The answer to the first question, as you might expect given this blog post’s topic, is yes! Starting in the Summer of 2025, two of us CAP fellows began working with the MSU Forensic Anthropology Lab (MSUFAL), where we received training, from Dr. Carolyn Isaac, in using an x-ray machine. The training consisted of two major components: an online “Clinical X-Ray Radiation Safety” module as well as an in-person “Site-Specific Safety Training.” The online training was broad, focusing on the hazards inherent in radiological work, while the site-specific training taught us about actually operating the machine and adjusting its settings based upon our needs. After completing our training, we each received a dosimeter badge: a small device that tracks how much radiation exposure a person experiences while working with x-ray machines or other substances that emit radiation.

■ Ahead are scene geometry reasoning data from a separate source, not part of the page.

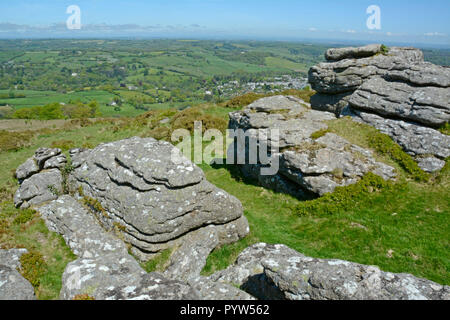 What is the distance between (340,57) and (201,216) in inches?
868

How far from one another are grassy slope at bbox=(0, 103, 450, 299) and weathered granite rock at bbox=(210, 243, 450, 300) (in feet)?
13.4

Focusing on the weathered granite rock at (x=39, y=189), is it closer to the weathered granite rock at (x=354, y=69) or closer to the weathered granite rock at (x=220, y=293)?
the weathered granite rock at (x=220, y=293)

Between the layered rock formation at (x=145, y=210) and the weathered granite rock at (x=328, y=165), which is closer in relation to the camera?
the layered rock formation at (x=145, y=210)

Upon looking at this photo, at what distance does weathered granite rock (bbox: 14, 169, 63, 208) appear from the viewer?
531 inches

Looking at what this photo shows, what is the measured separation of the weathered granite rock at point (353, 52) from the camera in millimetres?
23469

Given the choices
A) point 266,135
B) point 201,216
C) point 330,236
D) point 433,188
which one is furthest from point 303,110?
point 201,216

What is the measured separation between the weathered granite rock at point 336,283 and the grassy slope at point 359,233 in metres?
4.08

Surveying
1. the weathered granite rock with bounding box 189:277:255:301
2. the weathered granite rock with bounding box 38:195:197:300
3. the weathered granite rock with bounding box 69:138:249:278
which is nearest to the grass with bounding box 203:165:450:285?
the weathered granite rock with bounding box 69:138:249:278

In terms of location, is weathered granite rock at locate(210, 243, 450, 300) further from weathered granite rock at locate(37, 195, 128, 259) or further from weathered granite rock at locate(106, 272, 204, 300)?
weathered granite rock at locate(37, 195, 128, 259)

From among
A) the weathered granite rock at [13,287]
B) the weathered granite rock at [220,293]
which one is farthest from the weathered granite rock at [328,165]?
the weathered granite rock at [13,287] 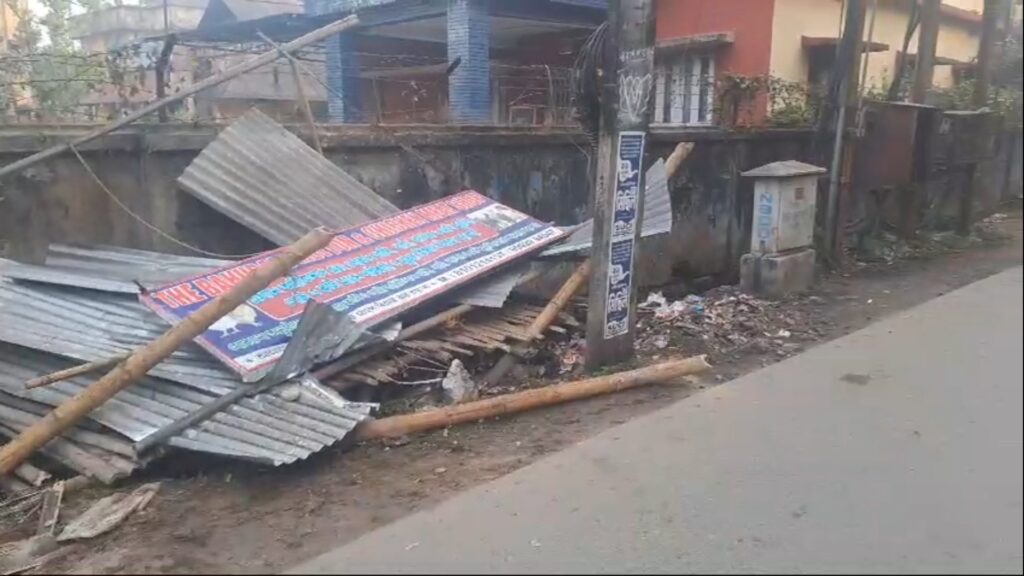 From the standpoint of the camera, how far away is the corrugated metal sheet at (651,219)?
6757 mm

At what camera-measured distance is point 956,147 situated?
34.9 ft

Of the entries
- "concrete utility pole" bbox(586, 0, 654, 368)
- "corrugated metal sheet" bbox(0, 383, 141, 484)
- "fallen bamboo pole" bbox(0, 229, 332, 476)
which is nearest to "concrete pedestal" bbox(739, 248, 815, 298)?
"concrete utility pole" bbox(586, 0, 654, 368)

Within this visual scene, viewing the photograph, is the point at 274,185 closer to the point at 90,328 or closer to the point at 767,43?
the point at 90,328

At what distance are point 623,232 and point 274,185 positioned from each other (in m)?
2.66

These ensure our safety––and are also a satisfying material symbol of the training we underwent in order to delve into this project.

We should probably take a moment to explain the reasoning behind using radiography on metal artifacts. In archaeological contexts, metal artifacts often rust over by the time that archaeologists uncover them in the field. While this rust can preserve the general shape of the object (and often times the object itself), it can also lead to the misidentification of artifacts during lab analysis. For instance, we may say that a ferrous metal object is one thing (like a nail), when in reality it is a completely different object. An additional concern is the fact that archaeologists generally collect more items than they actually need, presenting storage problems. For example, not every nail collected needs to be stored in a collection, especially if there are already many examples of that specific type of nail within the collection. X-raying the ferrous metal objects can help solve both of these problems by revealing what an object is––which then informs and impacts our conservation and collection efforts. 

After learning how to use the x-ray machine safely (and doing the MSUFAL lab safety training), we began examining a variety of metals––from nails to a squeegee (see Figure 1)! Since the artifacts we examined had already gone through lab analysis in our CAP lab, we mainly used this as a baseline for learning the methodology needed for examining the metal artifacts. That said, we nonetheless learned a few things about the objects that we have in our collection, from their metal compositions to their actual identities.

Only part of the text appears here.